Refusal to testify in a civil case While defendants are entitled to assert the
privilege against compelled self-incrimination in a civil court case, there are consequences
to the assertion of the privilege in such an action.
The Supreme Court has held that “the Fifth Amendment does not forbid adverse inferences
against parties to civil actions when they refuse to testify in response to probative
evidence offered against them.” Baxter v. Palmigiano, “[A]s Mr. Justice Brandeis declared,
speaking for a unanimous court in the Tod case, ‘Silence is often evidence of the most
persuasive character.'” “‘Failure to contest an assertion … is considered evidence of
acquiescence … if it would have been natural under the circumstances to object to the assertion
in question.'” In Baxter, the state was entitled to an adverse
inference against Palmigiano because of the evidence against him and his assertion of
the Fifth Amendment privilege. Some civil cases are considered “criminal
cases” for the purposes of the Fifth Amendment. In Boyd v. United States, the U.S. Supreme
Court stated that “A proceeding to forfeit a person’s goods for an offence against the
laws, though civil in form, and whether in rem or in personam, is a “criminal case” within
the meaning of that part of the Fifth Amendment which declares that no person “shall be compelled,
in any criminal case, to be a witness against himself.”

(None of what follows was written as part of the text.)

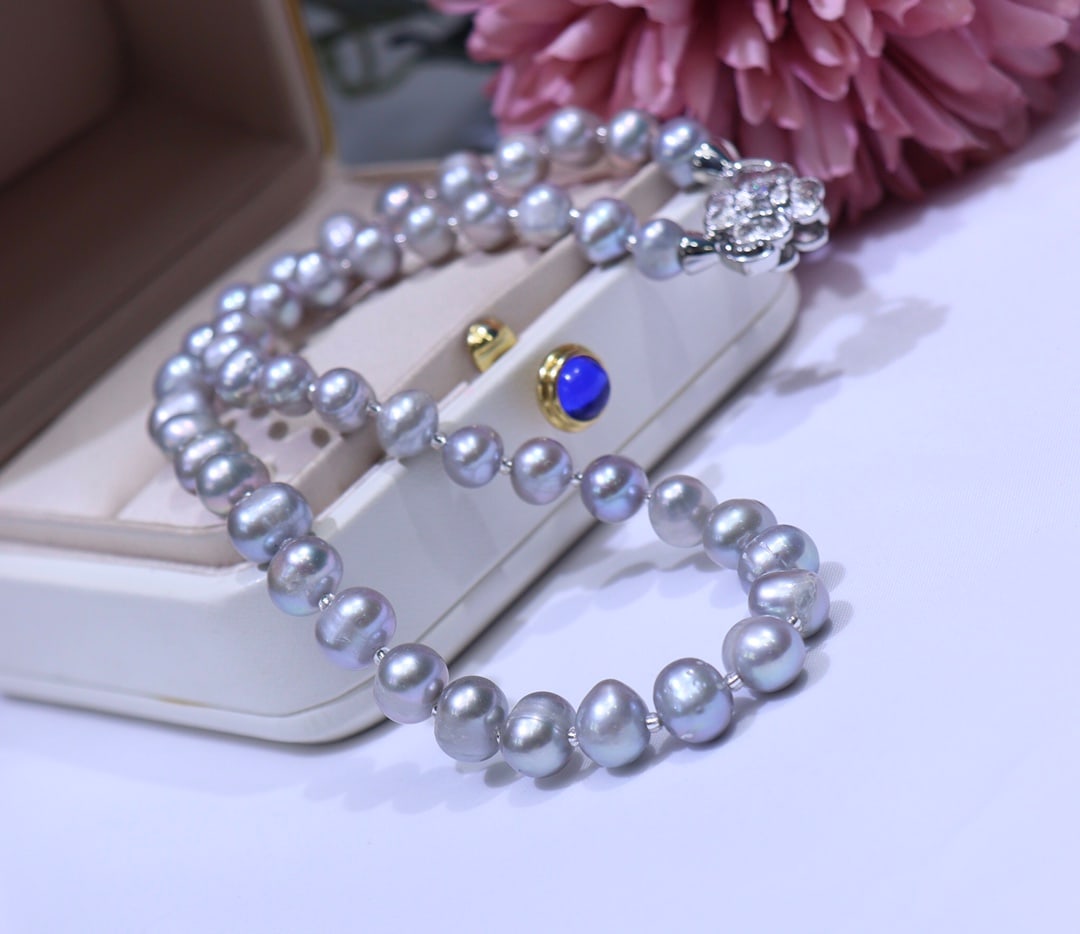 Gray Pearl Necklace - 6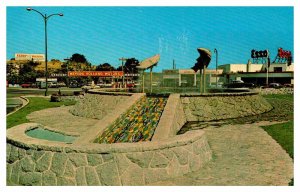 Postcard FOUNTAIN SCENE Nanaimo British Columbia BC AR9608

Federal income tax In some cases, individuals may be legally
required to file reports that call for information that may be used against them in criminal
cases. In United States v. Sullivan, the United States Supreme Court ruled that a taxpayer
could not invoke the Fifth Amendment’s protections as the basis for refusing to file a required
federal income tax return. The Court stated: “If the form of return provided called for
answers that the defendant was privileged from making[,] he could have raised the objection
in the return, but could not on that account refuse to make any return at all. We are not
called on to decide what, if anything, he might have withheld.”
In Garner v. United States, the defendant was convicted of crimes involving a conspiracy
to “fix” sporting contests and to transmit illegal bets. During the trial the prosecutor
introduced, as evidence, the taxpayer’s federal income tax returns for various years. In one
return the taxpayer had showed his occupation to be “professional gambler.” In various returns
the taxpayer had reported income from “gambling” or “wagering.” The prosecution used this to
help contradict the taxpayer’s argument that his involvement was innocent. The taxpayer
tried unsuccessfully to keep the prosecutor from introducing the tax returns as evidence,
arguing that since the taxpayer was legally required to report the illegal income on the
returns, he was being compelled to be a witness against himself. The Supreme Court agreed
that he was legally required to report the illegal income on the returns, but ruled that
the privilege against self-incrimination still did not apply. The Court stated that “if a
witness under compulsion to testify makes disclosures instead of claiming the privilege,
the Government has not ‘compelled’ him to incriminate himself.”
Sullivan and Garner are viewed as standing, in tandem, for the proposition that on a required
federal income tax return a taxpayer would probably have to report the amount of the
illegal income, but might validly claim the privilege by labeling the item “Fifth Amendment”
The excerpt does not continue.